Authentication is typically achieved using the MS-CHAP protocol or the more secure AEP-TLS protocol, though in the latter case a server certificate system has to be implemented that largely negates the advantages of using PPTP in the first place.

The major advantage of the PPTP protocol comes from its speed, which is related to how simple and lightweight this VPN protocol is. This also ensures a good battery life on mobile devices.

Security issues with PPTP

PPTP has numerous security issues, which prompted Apple and Google to abandon its use.

One of the most serious security issues includes the possibility of un-encapsulated MS-CHAP v2 authentication, which can allow a hacker to exploit cryptographic weaknesses to obtain user credentials. This exploit has even prompted Microsoft to recommend using L2TP/IP, IKEv2, IPsec, or SSTP instead of PPTP.

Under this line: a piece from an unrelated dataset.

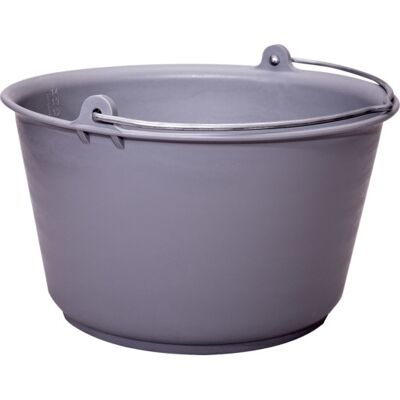 Sydvesta Panther Spand, Bred/grå, 14 L 14L gray plastic Sydvesta Panther Spand, Bred/grå, 14 L 14L gray plastic
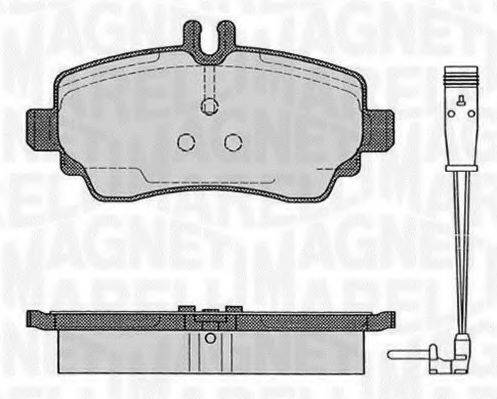 MAGNETI MARELLI 363916060517 Комплект гальмівних колодок, дискове гальмо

Adding to that is Edward Snowden’s testimony that NSA has little problem accessing data secured using PPTP.

Similarly, PPTP is not great for bypassing censorship as it always uses TCP port 1723, which can easily be blocked.

The bottom line

PPTP is not a secure VPN protocol, and we don’t advise anyone to use it in any situation where security is a factor.

On the other hand, if you just need a VPN to access streaming services that could otherwise be outside of your reach, PPTP is up for the task. Also, you may use it to overcome ISP throttling, and that’s it.

For everything else, use OpenVPN or better yet – WireGuard. Most modern VPNs support PPTP in addition to all other VPN protocols. And by default, they will opt for WireGuard, OpenVPN or some proprietary protocol they have developed — all of which are much better than PPTP.